Just as clearly, however, the play records the traditional comic disciplining of a woman who lacks such a properly gendered subjectivity. I am referring, of course, to Olivia, whom I regard as the real threat to the hierarchical gender system in this text, Viola being but an apparent threat. As Stephen Greenblatt points out, Olivia is a woman of property, headstrong and initially intractable, and she lacks any discernible male relatives, except the disreputable Toby, to control her or her fortune (p. 69). At the beginning of the play she has decided to do without the world of men, and especially to do without Orsino. These are classic marks of unruliness. And in this play she is punished, comically but unmistakably, by being made to fall in love with the crossdressed Viola. The good woman, Viola, thus becomes the vehicle for humiliating the unruly woman in the eyes of the audience, much as Titania is humiliated in A Midsummer Night's Dream by her union with an ass. Not only is the figure of the male-attired woman thus used to enforce a gender system that is challenged in other contexts by that figure, but also, by a bit of theatrical handy-dandy, the oft-repeated fear that boy actors dressed as women leads to sodomy is displaced here upon a woman dressed as a man.
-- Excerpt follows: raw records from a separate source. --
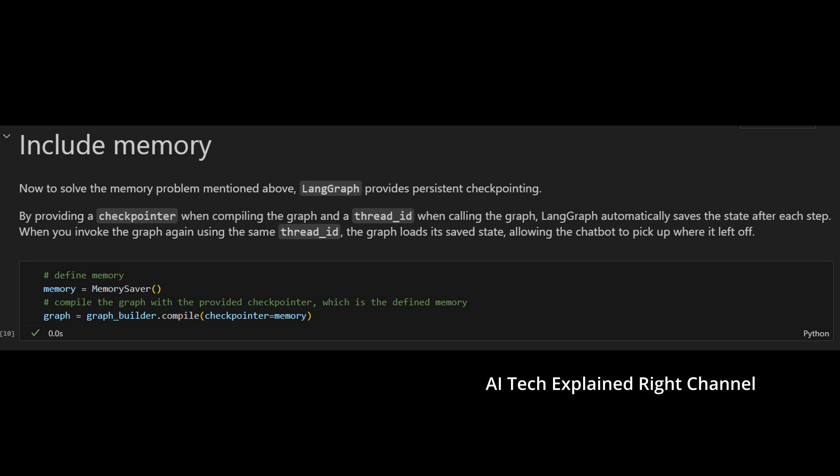Now we need to include memory. To do so, LangGraph provides persistent checkpointing by providing a checkpointer when compiling the graph, and a thread ID when calling the graph. LangGraph automatically saves the state after each step. When you invoke the graph again using the same thread ID, the graph retrieves its saved state, allowing the chatbot to pick up where it left off.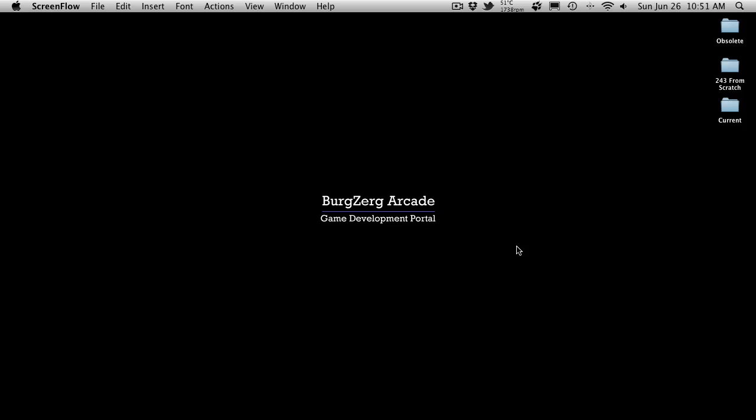Hi, this is Petey from Burgs Arcade at BurgsArcade.com, and this is tutorial 243.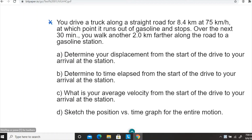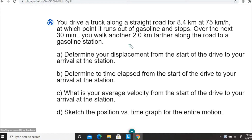Let's try to do this problem. This is a multi-part problem, so let's read the question. You can pause the video at this time and read it. You drive a truck along a straight road for 8.4 kilometers at 75 kilometers per hour — that's the first segment of the motion — at which point it runs out of gasoline and stops. Over the next 30 minutes, you walk another 2.0 kilometers farther along the road to a gasoline station.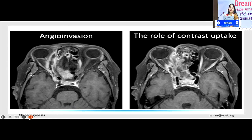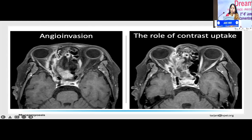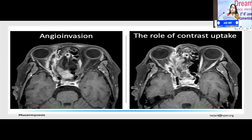Mucor hyphae are known to be angioinvasive — they can enter blood vessels, produce necrosis, block the vessels, so you obviously cannot see contrast. This is the classic pathognomonic feature of mucor. You see the superior ophthalmic vein here: the surrounding wall is all white and taking up contrast, but the actual lumen is infiltrated by fungal hyphae and appears black. This is angioinvasion, and this factor can only be picked up if you have a contrast scan. So we deduce that you need an MRI, fat-suppressed sequences, and contrast enhancement to pick up the disease very well.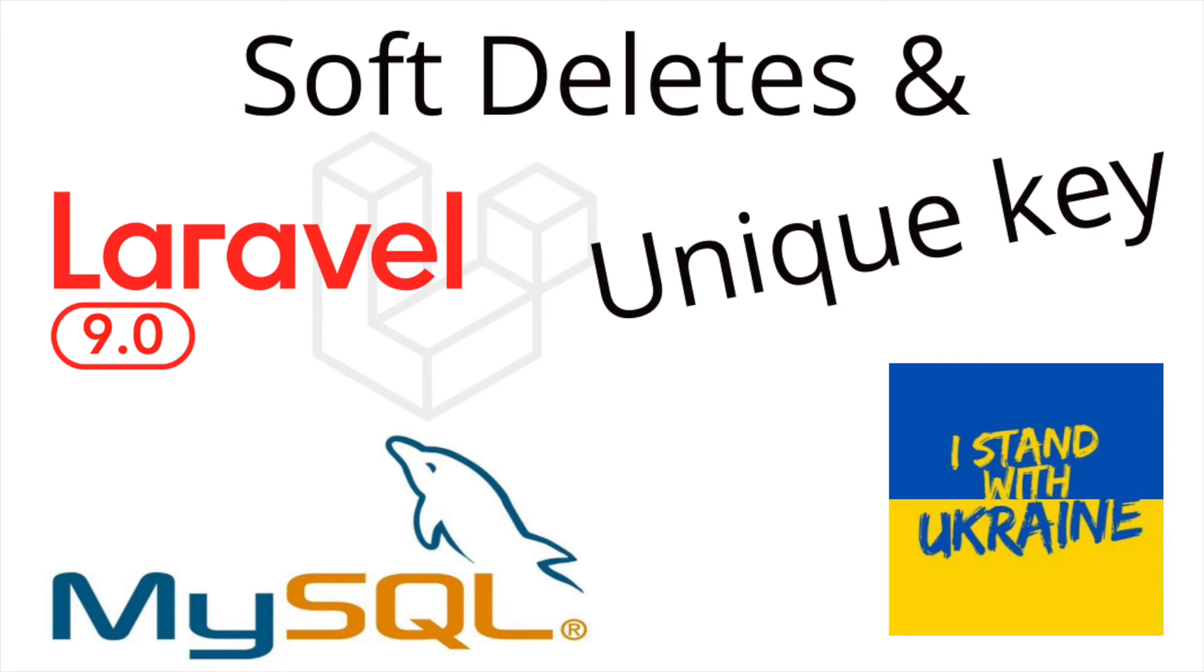Hi everyone and welcome to this tutorial. In this short video I will show you how to use the unique key with your soft deletes table records using MySQL and Laravel. Let's get into it.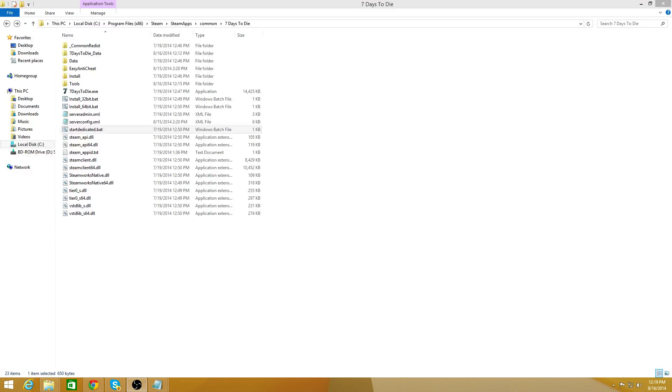Hi, this is Ray from GameServerSetup.com. This is a video tutorial on how to set up a Windows dedicated server for Seven Days to Die. It's pretty simplistic for the Windows side. They pretty much did everything for you.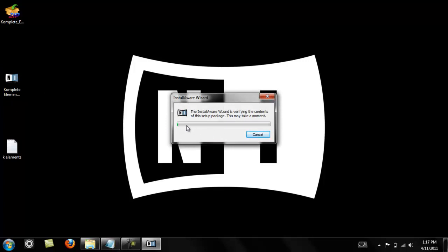Once it goes through, you'll get to the install screen, so I'm gonna pause it right now and when we get back we'll be ready to do the install.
It is Viola who provokes the love of Olivia, the same-sex love between women thus functioning as the marker of the "unnatural" in the play and a chief focus of its comedy.
The treatment of Orsino, by contrast, is much less satirical. He, too, initially poses a threat to the Renaissance sex-gender system by languidly abnegating his active role as masculine wooer and drowning in narcissistic self-love. Yet Orsino, while being roundly mocked within the play, especially by Feste, is ridiculed only lightly by the play itself, by the punishments meted out to him. His narcissism and potential effeminacy are displaced, respectively, onto Malvolio and Andrew Aguecheek, who suffer fairly severe humiliations for their follies. In contrast, Orsino, the highest-ranking male figure in the play, simply emerges from his claustrophobic house in Act V and assumes his "rightful" position as governor of Illyria and future husband of Viola. Moreover, Orsino, in contrast to Olivia, shows no overt sexual interest in the crossdressed Viola until her biological identity is revealed, though his language often betrays an unacknowledged desire for the Diana within the male disguise. The point, however, is that the text makes his attraction to Cesario neither overt nor the object of ridicule.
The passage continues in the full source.